The woman had never helped herself to so much as a paper clip from the office, but when she visited Petrified Forest National Park in Arizona it was as if she had had a character transplant.
A sign explained that, over the years, so many people had picked up chunks of the petrified wood scattered across the terrain that anything smaller than the gigantic logs on the desert floor could soon be gone, and it admonished visitors to therefore refrain from this illegal act.
The woman's reaction? She told her boyfriend they had better pick up some pieces this very visit or there wouldn't be any left.
This reaction stunned her boyfriend, but it shouldn't have. In study after study, social psychologists have shown that it is the group with which a person identifies, not individual personality, that often determines behavior, says Robert Cialdini of Arizona State University, who describes this incident in one of his studies. The upright woman inferred, correctly, that pocketing bits of petrified wood was normal behavior for visitors to the forest, and wanted to conform to the group norm.
Superficially, this is just peer pressure writ large. But as scientists are learning, the groups with which people identify are fungible (the woman never thought of herself as a member of the "Petrified Forest visitors" group). To understand why people do as they do, you need to look at the group with which they identify at the time.
That realization is shaping scientists' understanding of suicide bombers, whose numbers have soared. Who are they? Not the cowardly psychopaths or sociopaths you might expect. "There is little to no evidence that they are mentally unbalanced," says Todd Stewart, a retired Air Force general who now directs the Program for International and Homeland Security at Ohio State University. From the Sept. 11 attackers to Palestinian suicide bombers to al Qaeda terrorists, they are educated, fairly well off and "not necessarily from fanatically religious families," he says.
This alarmingly normal profile is why the National Science Foundation gave anthropologist Scott Atran, a research director at the National Center for Scientific Research, Paris, emergency funding to study groups that sponsor suicide attacks. He just spent three weeks in Gaza and the West Bank, where he spoke to counterterrorism strategists, fugitive Hamas leaders, would-be suicide bombers and families of "martyrs."

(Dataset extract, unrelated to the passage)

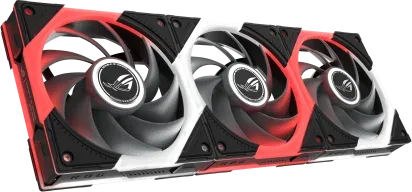 ASUS ROG Eurux GR120 ARGB Fan Triple Pack Carcasa del ordenador Ventilador 12 cm Negro 3 pieza(s)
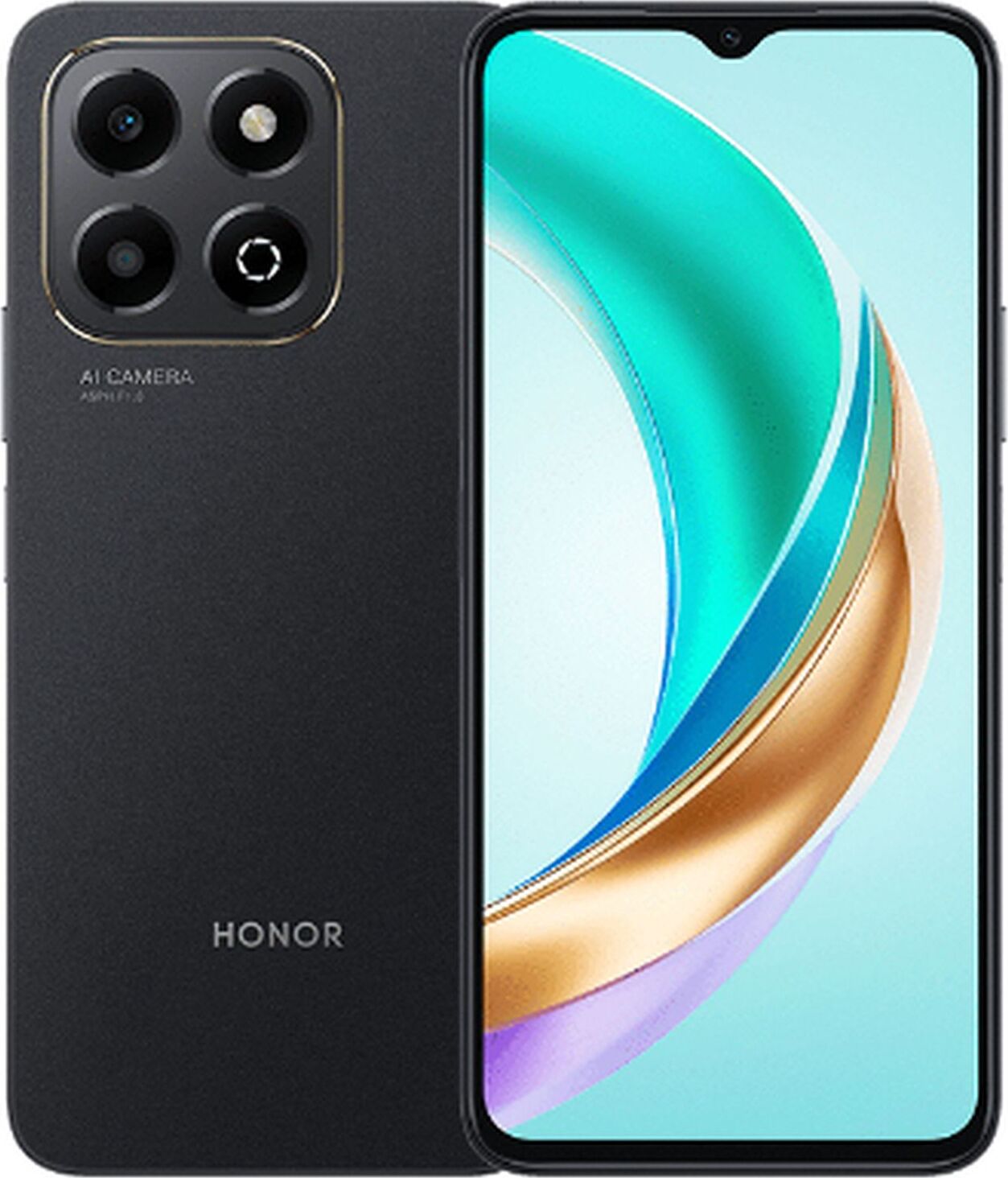 Honor X6B 4+128GB 6.56" Midnight Black Tim HONOR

"None of the supporters of suicide terrorism I interviewed, especially at al-Najah University, were poor, uneducated, socially estranged or psychologically deranged," says Prof. Atran. "They are idealistic and compassionate, and think they can change the world. That makes the whole thing more frightening than if they were just crazies off the street." In a study of al Qaeda recruits, forensic psychiatrist Marc Sageman of the University of Pennsylvania finds a similar pattern: Many attended college and are economically better off than most Palestinians or European Muslims, and they are often "the elite of their countries," he says.
But suicide terrorists are not rational in the way science understands the term. They do not weigh risks and benefits or winning and losing strategies. For the suicide bomber, says Prof. Atran, " 'sacred values' and fervor trump rational interest." For instance, when he asked young Hamas supporters whether a martyr is "more deserving" if he kills 10 of the enemy or 100, all responded that it would not matter if the martyr killed no one but himself. He also asked, if your father were dying and your mother asked you to delay your suicide operation, would you? All answered that "duty to God" cannot be delayed for even a minute.
Yet When Prof. Atran got aspiring martyrs alone, "there was a lot more nuance, flexibility and doubt," he says. "They're not so sure anymore, whereas in the group they're convinced of what they're saying."
That's why insights into suicide attackers will have to come from understanding group dynamics, not individual psychology, says Gen. Stewart. "Group norms are more important than individual traits" in creating a suicide bomber, he says. Terrorist leaders make recruits view the group -- terrorist cell or larger society -- as a pseudofamily for whom they will give their life. That manipulation can trump individual personality to produce horrific behavior in ordinary people.
Psychology experiments show how disturbingly easy it is to manipulate people into committing atrocities. The key is to inculcate a sense of belonging and hence obligation to a group. In the controversial "Stanford Prison Experiment" in 1971, for instance, 24 normal college-age men were assigned to be guards or prisoners. The "guards" quickly became sadistic, engaging in what Stanford University psychologist Philip Zimbardo called "pornographic and degrading abuse of the prisoners," presaging the behavior of American troops at Abu Ghraib prison.
We won't prevent suicide attacks by trying to profile terrorists; they're not different enough from everyone else. The best hope, says Gen. Stewart, may be to understand how terrorist groups "socialize" recruits and exploit their desire for status and belonging -- and then to offer these young people an alternative. The group a person identifies with, as the woman at Petrified Forest showed, is not set in stone.